Published in 1938, the book was a best-seller.  It was to be made into a major film, with Irene Dunne as Judith, and might have approached the popularity of “Gone With The Wind.”  But World War II intervened, and the film plans were dropped.  Stewart, of course, did not mope about that.  He continued writing novels.  His next novel would invent a form, and become a minor university classic.

And the novel after that, his third, would change – and maybe save – our Earth.
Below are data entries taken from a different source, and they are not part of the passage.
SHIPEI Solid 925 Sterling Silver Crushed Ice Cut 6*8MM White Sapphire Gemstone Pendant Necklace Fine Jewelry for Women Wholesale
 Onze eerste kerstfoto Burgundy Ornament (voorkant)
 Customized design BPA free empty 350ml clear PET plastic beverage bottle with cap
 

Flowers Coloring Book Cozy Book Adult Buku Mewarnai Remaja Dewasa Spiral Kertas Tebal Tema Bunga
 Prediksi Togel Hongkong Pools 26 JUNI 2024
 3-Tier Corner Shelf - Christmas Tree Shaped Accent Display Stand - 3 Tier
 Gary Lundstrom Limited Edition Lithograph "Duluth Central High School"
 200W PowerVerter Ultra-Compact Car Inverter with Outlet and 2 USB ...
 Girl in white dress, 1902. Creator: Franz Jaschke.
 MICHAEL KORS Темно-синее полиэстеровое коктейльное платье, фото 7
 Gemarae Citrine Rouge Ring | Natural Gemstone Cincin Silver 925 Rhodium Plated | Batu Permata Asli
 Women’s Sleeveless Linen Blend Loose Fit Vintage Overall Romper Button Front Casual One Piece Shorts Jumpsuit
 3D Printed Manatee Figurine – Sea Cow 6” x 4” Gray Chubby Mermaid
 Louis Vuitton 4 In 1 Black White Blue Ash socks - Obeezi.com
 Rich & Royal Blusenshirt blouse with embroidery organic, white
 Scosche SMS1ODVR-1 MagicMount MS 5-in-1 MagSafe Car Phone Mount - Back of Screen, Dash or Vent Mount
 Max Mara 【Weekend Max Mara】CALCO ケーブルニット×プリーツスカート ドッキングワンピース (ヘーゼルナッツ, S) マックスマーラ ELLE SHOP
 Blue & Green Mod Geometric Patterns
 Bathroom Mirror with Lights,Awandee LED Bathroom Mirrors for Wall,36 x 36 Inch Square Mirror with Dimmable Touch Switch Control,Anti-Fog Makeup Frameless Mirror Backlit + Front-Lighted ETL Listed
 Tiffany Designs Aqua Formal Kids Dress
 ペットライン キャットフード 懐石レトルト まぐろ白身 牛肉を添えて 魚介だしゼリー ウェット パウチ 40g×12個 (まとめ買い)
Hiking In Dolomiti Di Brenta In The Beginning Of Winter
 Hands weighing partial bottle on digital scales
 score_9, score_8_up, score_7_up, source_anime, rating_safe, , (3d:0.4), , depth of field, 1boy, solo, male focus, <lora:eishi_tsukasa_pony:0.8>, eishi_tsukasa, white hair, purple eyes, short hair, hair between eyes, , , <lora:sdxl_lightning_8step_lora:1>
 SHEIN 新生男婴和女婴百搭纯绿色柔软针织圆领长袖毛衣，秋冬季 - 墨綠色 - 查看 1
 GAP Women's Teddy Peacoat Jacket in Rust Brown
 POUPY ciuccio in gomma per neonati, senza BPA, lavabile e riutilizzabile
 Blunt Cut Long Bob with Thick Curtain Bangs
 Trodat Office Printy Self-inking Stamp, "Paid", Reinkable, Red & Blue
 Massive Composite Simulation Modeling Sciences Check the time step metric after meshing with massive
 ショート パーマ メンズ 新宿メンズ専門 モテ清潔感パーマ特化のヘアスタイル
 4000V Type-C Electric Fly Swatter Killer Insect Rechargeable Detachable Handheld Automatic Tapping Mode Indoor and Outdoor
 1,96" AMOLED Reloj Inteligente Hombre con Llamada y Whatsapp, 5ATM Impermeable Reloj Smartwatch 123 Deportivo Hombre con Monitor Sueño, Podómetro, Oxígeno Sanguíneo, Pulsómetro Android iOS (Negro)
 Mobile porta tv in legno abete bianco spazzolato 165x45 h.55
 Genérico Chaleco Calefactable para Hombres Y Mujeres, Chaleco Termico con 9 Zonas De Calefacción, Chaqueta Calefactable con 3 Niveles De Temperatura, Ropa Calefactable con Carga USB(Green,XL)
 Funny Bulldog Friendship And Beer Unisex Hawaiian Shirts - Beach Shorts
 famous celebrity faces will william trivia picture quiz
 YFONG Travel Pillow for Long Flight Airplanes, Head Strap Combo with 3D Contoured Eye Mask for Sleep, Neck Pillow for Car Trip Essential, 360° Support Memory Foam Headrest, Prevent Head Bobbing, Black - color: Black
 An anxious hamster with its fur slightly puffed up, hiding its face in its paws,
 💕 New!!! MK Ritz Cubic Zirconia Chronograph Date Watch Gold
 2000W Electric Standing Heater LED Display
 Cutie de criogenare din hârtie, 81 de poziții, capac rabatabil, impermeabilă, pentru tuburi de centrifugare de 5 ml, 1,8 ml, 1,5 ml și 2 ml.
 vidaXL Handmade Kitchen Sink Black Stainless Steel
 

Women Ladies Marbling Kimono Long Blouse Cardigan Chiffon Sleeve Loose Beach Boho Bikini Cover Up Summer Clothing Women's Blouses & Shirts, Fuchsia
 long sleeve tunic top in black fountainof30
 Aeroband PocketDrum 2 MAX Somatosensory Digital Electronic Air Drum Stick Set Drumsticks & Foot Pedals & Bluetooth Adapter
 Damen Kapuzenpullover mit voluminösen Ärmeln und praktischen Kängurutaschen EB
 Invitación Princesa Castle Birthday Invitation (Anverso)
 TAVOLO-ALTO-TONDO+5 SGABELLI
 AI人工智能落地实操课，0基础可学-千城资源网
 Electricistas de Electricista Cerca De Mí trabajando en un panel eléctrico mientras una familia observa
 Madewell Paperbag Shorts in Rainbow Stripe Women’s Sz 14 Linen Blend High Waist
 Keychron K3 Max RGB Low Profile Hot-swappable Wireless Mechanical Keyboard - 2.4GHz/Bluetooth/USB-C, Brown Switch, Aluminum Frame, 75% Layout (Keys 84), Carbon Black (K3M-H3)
George R. Stewart’s forgotten biography of George Derby

After ORDEAL BY HUNGER, with its landmark Whole Earth vision, George R. Stewart wrote another biography.  The book, JOHN PHOENIX, ESQ, THE VERITABLE SQUIBOB:  A LIFE OF CAPTAIN GEORGE H. DERBY, U.S.A.,  forgotten by all but scholars, is about the first great American humorist.   Derby, A topographical engineer with the army, came from an urbane eastern background, but found himself posted to the far west.  There, he mapped the Central Valley of California and the lower Colorado River, among other places.  Posted to San Diego, and bored by the sleepy little town, Derby began writing humorous sketches about life in the west.

He fleshed out those stories by playing practical jokes on local folks.   For example, when a local Democratic editor asked Derby to take over his editorial duties for a time, Derby turned the newspaper into a voice for the Whig Party and won the election in the area for the Whigs — not for political reasons, but for fun.

Stewart believed  that Derby may have influenced Sam Clemens to take up humorous writing AND a pen name.  Derby often traveled on the Mississippi when young Sam was piloting steamboats, and could easily have encountered the future humorist.   If so – and it is often the case that when new ideas enter the world they begin with a pioneer like Derby (or Stewart) and are then refined and made famous by others mentored by the pioneers – Derby deserves great credit for his shaping of American humor.